Hangi Savaştan Sonra Yurdumuz İşgal Edilmeye Başlandı?

savaslar (1)

Birinci dünya savaşı sırasında ittifak devletleri ile savaşa giren Osmanlı devleti, ateşkes için itilaf devletleri ile Mondros anlaşmasını imzalamıştır. Anlaşmanın imzalanmasından sonra anlaşmayı imzalayan devletler arasındaki savaş sona ermiş ve İstanbul un ilk işgali 13 Kasım 1918 tarihinde gerçekleşmiştir. Fakat bu işgal İstanbul için son işgal olmayacaktır. Çok geçmeden sadece İstanbul olmamakla beraber birçok şehrimiz bir süreliğine işgal edilmiş olacaktır.

Osmanlı Devleti’nin 1. Dünya Savaşına Girmesi

Osmanlı devleti savaş başladığı andan itibaren tarafsız kalacağını net bir bilgi olarak açıklamış olsa da, Almanya Osmanlı devletinin savaşa girmesi hususunda kendi menfaatlerini düşünerek oldukça ısrarcı bir tutum sergilemiştir.

savaslar (2)

İki Rus limanı, Osmanlı İmparatorluğu Donanmasına ait ve alman bir komutanın kumandasındaki iki gemi tarafından bombalanmıştır. Bu olay sonrasında itilaf devletlerinden olan Rusya, Osmanlı devletine savaş açtı. Ve böylelikle Osmanlı devleti resmen 1. Dünya savaşına girmiş oldu. Burada garip olan şöyle bir nokta vardır. Rus limanlarının bombalanmasının emrini o dönemde ne saray ne meclis ne de hükümet vermemişti. Bu nokta, emri Osmanlı devletinin savaşa girmesi hususundaki ısrarcı tavrı ile bilinen Almanya’nın vermiş olduğu şüphesini akla getirmektedir.

İstanbul’un İşgali

İstanbul’un işgali Mondros anlaşmasından kısa bir süre sonra gerçekleşmiştir. Anlaşma genel olarak Osmanlı devletinin aleyhine olacak maddeler içermekteydi. Anlaşmanın imzalanmasından sonra itilaf devletleri anlaşmada yer alan bir maddeyi uygulamaya koyarak Çanakkale boğazlarındaki mayınları temizlemeye başlar.
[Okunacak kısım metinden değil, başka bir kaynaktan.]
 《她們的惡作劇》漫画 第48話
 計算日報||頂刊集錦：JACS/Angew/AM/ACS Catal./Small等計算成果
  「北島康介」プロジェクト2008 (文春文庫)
Fakat bu asıl hedefleri değildir. Mayınları temizleme bahanesi ile İstanbul’a girerek işgali başlatırlar.

İtilaf devletlerinin İstanbul’a asker çıkarmaları birçok tepkiyi de beraberinde getirmiştir. En sert tepkiler dönemin Osmanlı Mebusan Meclisin’den gelmiştir. Fakat kısa bir süre sonrada meclis feshedilmiştir. Daha sonra kabinenin değişimi ile yeni bir seçim yapılmış ve mecliste yoğun bir milliyetçi hava oluşturacak isimler seçilmişlerdir.
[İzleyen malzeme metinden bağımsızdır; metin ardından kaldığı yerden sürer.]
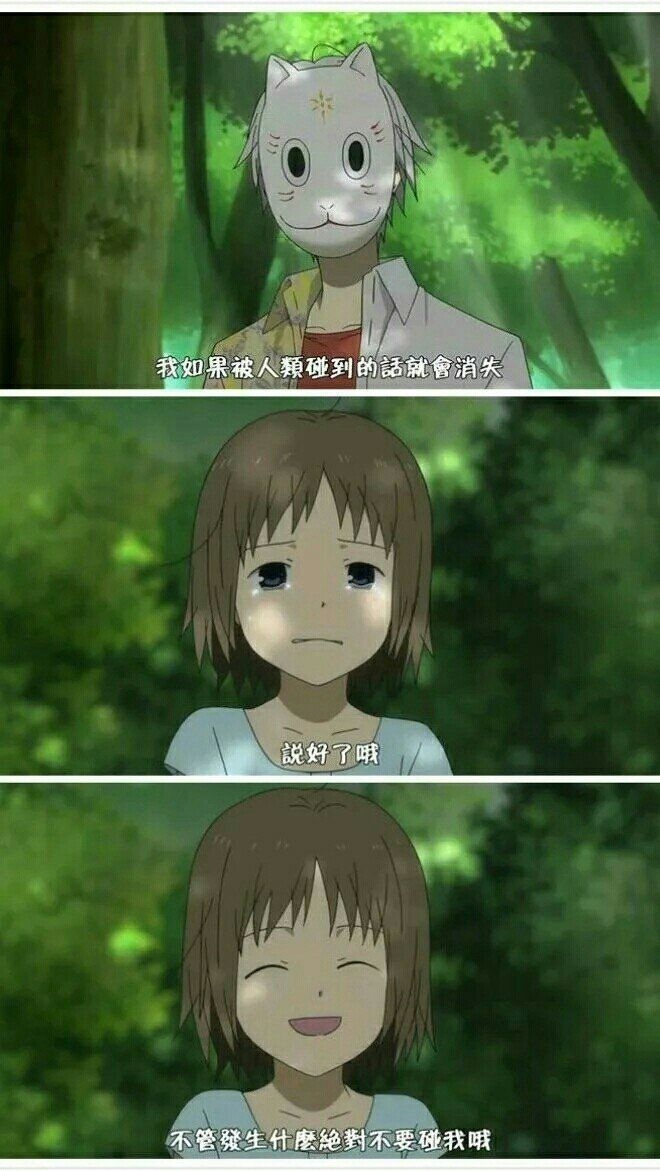 我爱你，可我们没有后来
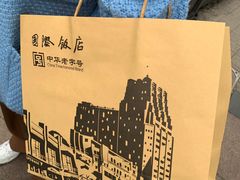 -国际饭店·帆声西饼屋(黄河路店)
İtilaf devletleri tepkilerin yumuşaması adına bir bildiri yayınlamıştır.

İşgal kalıcı değil geçicidir.

İşgalin esas amacı padişahlığı ve halifeliği korumak ve güçlendirmektir.
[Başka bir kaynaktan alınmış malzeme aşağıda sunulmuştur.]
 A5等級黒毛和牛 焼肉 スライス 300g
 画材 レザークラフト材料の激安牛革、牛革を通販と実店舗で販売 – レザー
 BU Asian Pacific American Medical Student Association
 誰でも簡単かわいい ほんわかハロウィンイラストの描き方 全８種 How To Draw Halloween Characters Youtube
Azınlık halklara karşı bir katliam başlarsa İstanbul Türklerden alınacaktır.

Herkes padişahın vereceği kararlara uymak zorundadır.

Gelişmelerin istedikleri gibi gitmemesi üzerine işgal kuvvetleri İstanbul’u resmen abluka altına almaya karar verdi. Bu doğrultuda attıkları ilk adım ise şöyle olmuştur. İngiliz askerleri 10. Kafkas Tümenine bağlı karargâh birliği karakoluna baskın düzenlemiş ve buradaki beş eri öldürmüş, on eri ise yaralamıştır. Daha sonra meclis basılmış bazı mebuslar tutuklanmış, bazıları Malta’ya sürgüne gönderilmiştir. Kaçmayı başaran bazı mebuslar ise Anadolu’ya geçerek milli mücadele hareketine katılmışlardır. Aynı dönemde halkın eğitim ve seviyesi genel kültür düşük de olsa vatanın bağımsızlığı hususundaki hassasiyetleri milli mücadele hareketine ciddi anlamda güç kazandırmıştır.

İşgal Nasıl Başladı?

19 Mayıs 1919 tarihinde Mustafa Kemal’in Samsun’a gelmesi ile başlayan, çeşitli cephelerde gerçekleşen milli mücadele hareketi neticede zaferle sonuçlanır.1923 tarihinde Türkiye Büyük Millet Meclisi temsilcileriyle itilaf devletleri temsilcileri arasında imzalanan Lozan Antlaşmasıyla da bu zafer düşman ülkeler tarafınca da kabul edilir. 4 Ekim 1923 günü itilaf devletleri Türk Bayrağını selamlayarak şehirden ayrılırlar.